La mécène ajoute que ces artistes «songent à diverses passerelles pour exprimer des idées à l’aide des outils de narration modernes, que ce soit dans les mondes de la réalité virtuelle, du théâtre ou son immersif, du cinéma traditionnel ou des événements live».
Plus un récit compte de points d’entrée et de formes, plus il y aura de segments d’auditoire qui pourront s’y intéresser de la façon qui leur convient le mieux.
Trend Hunter est un accélérateur d’innovation qui offre aux entreprises des services de recherche, des ateliers et des événements. Courtney Scharf, première vice-présidente du département de recherche, explique que les événements qui offrent de nouveaux points d’entrée à une expérience de divertissement, comme la boutique éphémère YouTube House, «répondent au souhait des consommateurs qui veulent voir leurs intérêts en ligne se concrétiser dans la vie réelle, où ils pourront interagir avec d’autres amateurs. J’avais hâte de voir le Reality Bar de Xfinity, un lieu qui offre une expérience de type bar sportif aux amateurs de téléréalité.»
Scharf ajoute: «Prenons l’exemple de Harry Potter: le nombre de lieux qui proposent une expérience pour les fans en dehors des parcs thématiques est époustouflant. Dans les derniers mois seulement, bon nombre de festivals de bière, de brunchs et de cafés destinés aux inconditionnels du sorcier ont fait leur apparition. Voilà qui est impressionnant pour une franchise dont le dernier opus est sorti il y a plus de huit ans. Il y a un aspect très tribal dans l’obsession que portent les amateurs à des émissions ou à des films — et même à des balados de nos jours. Je pense que nous pourrions encore voir croître le nombre de façons qui permettent aux fans de s’engager envers une franchise en particulier.»
«Nous observons à l’heure actuelle une épidémie de solitude qui n’est destinée qu’à empirer et, plus que jamais, les gens sont avides de relations significatives.»
Le divertissement comme mécanisme d’interaction sociale pertinente
«À chaque génération, nous constatons une transformation des expériences médiatiques, explique Ted Schilowitz. Les écarts se creusent entre les générations en ce qui a trait à la façon dont chacune consomme une histoire, à la quantité de contenu offert aux auditoires, à la façon d’y accéder et à la construction de la sphère sociale autour de ce contenu.» Les écrans traditionnels ont toujours la cote auprès de la plupart des adultes qui ont grandi il y a des décennies, mais les jeunes d’aujourd’hui interagissent avec les récits en regardant les diffusions en continu sur Twitch ou en construisant des mondes dans Minecraft.
La décomposition du divertissement a le potentiel d’établir des ponts entre les générations en liant chacune à une histoire par le truchement de la multiplication des formats et des points d’accès à celle-ci, à la maison ou à l’extérieur.

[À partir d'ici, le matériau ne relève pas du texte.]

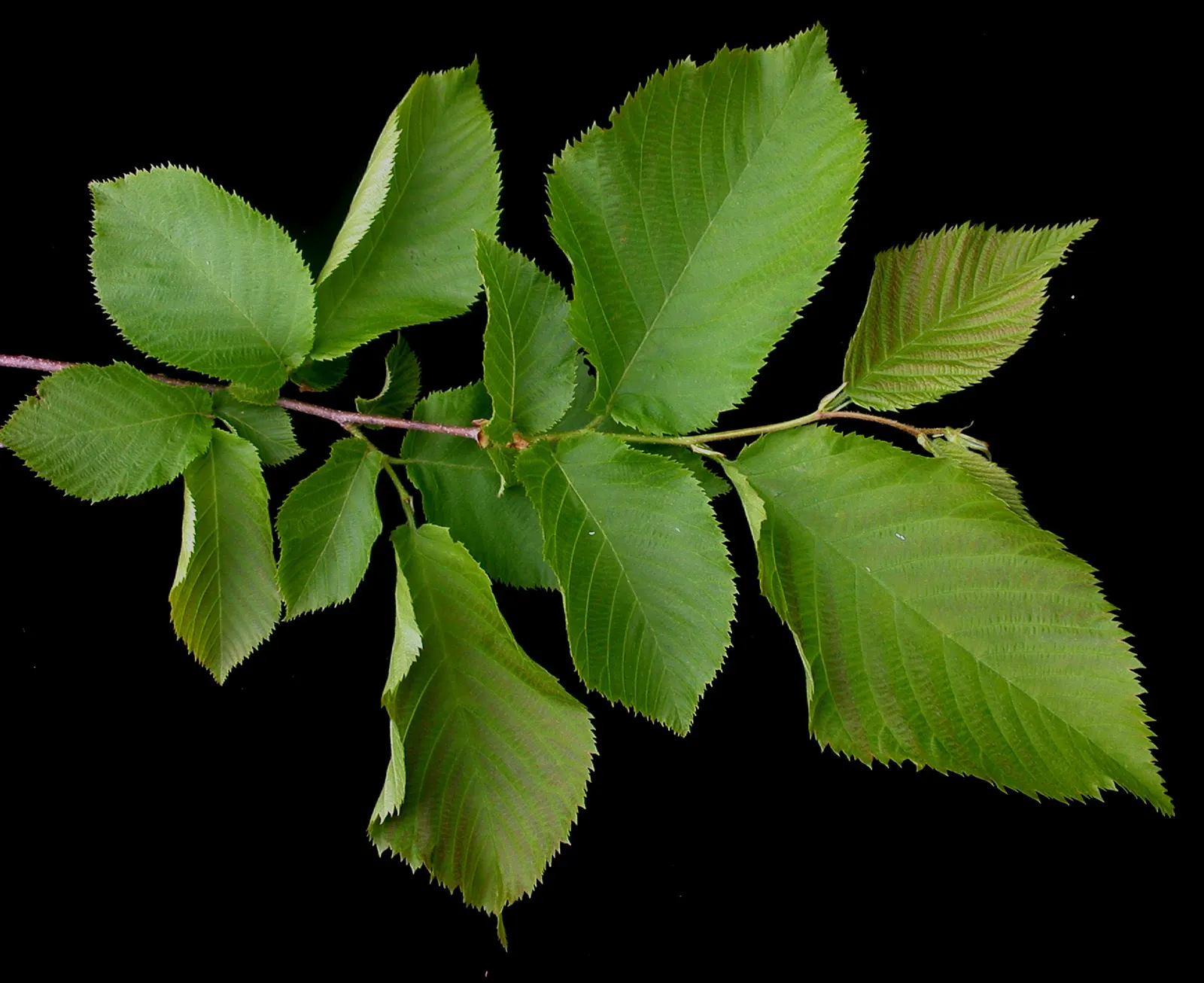 Eastern Hop Hornbean (Ostrya Virginiana) — including those that are rocky or clay-heavy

De son côté, Scharf souligne l’importance croissante du divertissement qui nous garde en contact: «Nous observons à l’heure actuelle une épidémie de solitude qui n’est destinée qu’à empirer et, plus que jamais, les gens sont avides de relations significatives. Il est difficile de croire qu’une telle situation n’aura aucune incidence sur un secteur comme le divertissement, dont le principal objectif est de permettre aux spectateurs de se sentir bien.» Elle s’attend à un essor des expériences de loisir expressément conçues pour briser l’isolement.
Carolyn Merriman est productrice exécutive à Future of StoryTelling (FoST), un organisme de premier plan qui explore et célèbre la narration de la prochaine génération et qui croit fermement que l’avenir de la narration est multiplateforme. Selon elle, les auditoires commencent un peu à sortir de leurs caves numériques solitaires pour retourner dans le monde physique et interagir en personne avec les autres, dans la vie réelle, que ce soit dans le cadre d’une expérience immersive comme Museum of Ice Cream et House of Eternal Return de Meow Wolf, ou par l’ajout d’éléments numériques à la vie réelle, comme dans Pokémon Go.
Le désir de liens significatifs pourrait également alimenter l’évolution des plateformes de divertissement. Greenberg estime que la solitude et l’isolement, couplés à l’absence de mentorat, risquent de réduire les normes d’excellence et de qualité. «Dans le torrent actuel d’information, il sera de plus en plus difficile de s’y retrouver. Nous sommes moins en phase que nos pairs des décennies précédentes et il est difficile d’organiser soi-même sa consommation de culture en ce qui a trait à la détermination des priorités. Dans ces domaines, la curation et la conceptualisation continueront de prendre de l’importance, au fur et à mesure que l’expérience humaine vécue grâce à ces technologies donne lieu à des communautés d’échange et d’idées.»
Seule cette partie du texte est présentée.